Nimble 20

Development
- Designer: Edward S. Brewer
- Location: United States
- Year: 1986
- Builder: Nimble Boats

Boat
- Displacement: 2,600 lb (1,179 kg)
- Draft: 4.08 ft (1.24 m) with centerboard down

Hull
- Type: monohull
- Construction: fiberglass
- LOA: 20.83 ft (6.35 m)
- LWL: 19.75 ft (6.02 m)
- Beam: 7.75 ft (2.36 m)
- Engine: outboard motor

Hull appendages
- Keel: stub keel with centerboard
- Ballast: 600 lb (272 kg)
- Rudder: transom-mounted rudder

Rig
- Rig type: Ketch

Sails
- Sailplan: fractional rigged ketch
- Total sail area: 207.00 sq ft (19.231 m^{2})

Racing
- PHRF: 288

= Nimble 20 =

1980s US recreational keelboat

The Nimble 20 is a recreational keelboat built by Nimble Boats in the United States from 1986 until about 1991, but it is now out of production.

==Design==
The Nimble 20 is a built predominantly of fiberglass, with wood trim. It has a fractional ketch rig, a canoe hull, a rounded plumb stem, an angled transom, a transom-hung rudder controlled by a tiller and a fixed stub keel with a retractable centerboard. It displaces 2600 lb and carries 600 lb of ballast.
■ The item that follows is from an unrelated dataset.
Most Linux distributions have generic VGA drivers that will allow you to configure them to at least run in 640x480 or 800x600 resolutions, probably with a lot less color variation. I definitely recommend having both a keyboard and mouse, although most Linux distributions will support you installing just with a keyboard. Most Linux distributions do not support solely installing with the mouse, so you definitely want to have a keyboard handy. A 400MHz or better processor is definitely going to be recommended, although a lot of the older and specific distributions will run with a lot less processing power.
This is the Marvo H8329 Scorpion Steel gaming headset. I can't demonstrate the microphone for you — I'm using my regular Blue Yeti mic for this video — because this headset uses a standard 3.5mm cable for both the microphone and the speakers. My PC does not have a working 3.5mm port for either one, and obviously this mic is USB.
The boat has a draft of 4.08 ft with the centerboard extended and 0.92 ft with it retracted, allowing beaching or ground transportation on a trailer.
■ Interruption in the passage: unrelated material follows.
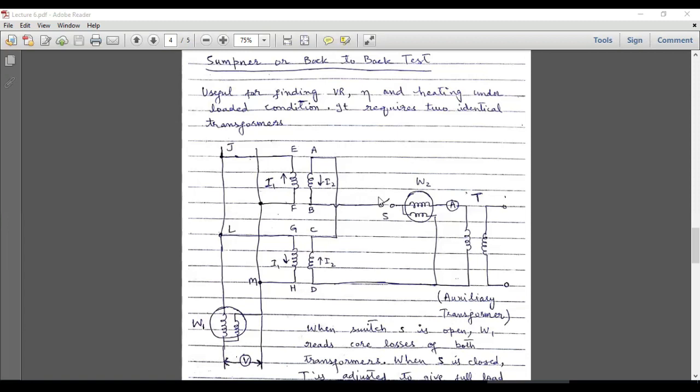In this test the two identical transformers will be connected in parallel with each other. At the input bus we have a voltmeter and a wattmeter. The left terminal is connected to the upper sides of the primary windings and the right terminal is connected to the lower sides of the primary windings. The secondary windings are also connected in parallel — the upper ends of the secondary windings are connected with each other and the lower ends are connected to a switch and then to a wattmeter.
The boat is normally fitted with a small well-mounted 3 to 6 hp outboard motor for docking and maneuvering.

The design has sleeping accommodation for four people, with a double "V"-berth in the bow cabin and two straight settees in the main cabin. The head is located in the bow cabin on the starboard side. Cabin headroom is 51 in.
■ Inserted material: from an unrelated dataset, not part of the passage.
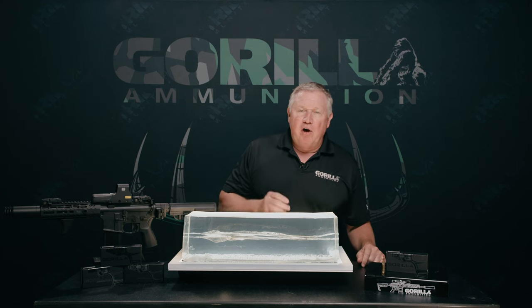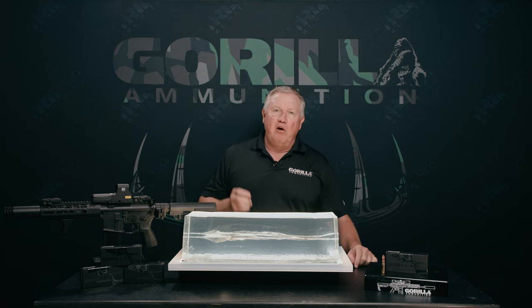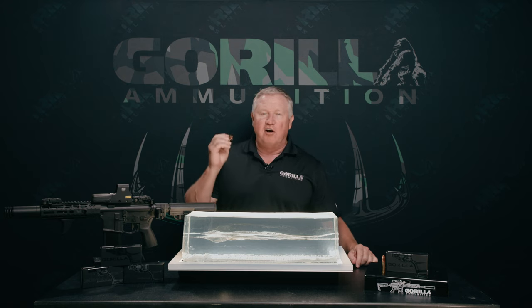Hey guys, Lance Padgett, Grille Ammo here to talk about the 205 Subsonic 300 Blackout round that we have designed for superior expansion in our Punisher line.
The design has a PHRF racing average handicap of 288 and a hull speed of 6.0 kn.

==Reception==
In a 2010 review Steve Henkel wrote, "...you can sail in strong winds without the main, under jib and 'jigger' (ie., the mizzen). You can control any tendency of the boat to dance around her mooring by hoisting the mizzen alone. You can sometimes balance the helm of an otherwise finicky boat by fine-tuning the mizzen sheet along with the centerboard ... Best features: Her traditional looks appeal to us ... Worst features: Her PHRF is at the high end, indicating that her overall speed potential is below that of her comp[etitor]s, despite her high-end [hull speed] due to her long waterline. Her speed performance under sail compared to comp[etitor]s is probably a result of a combination of small sail area, split rig, and her hard chine bull shape, which tends to pound a bit in a chop."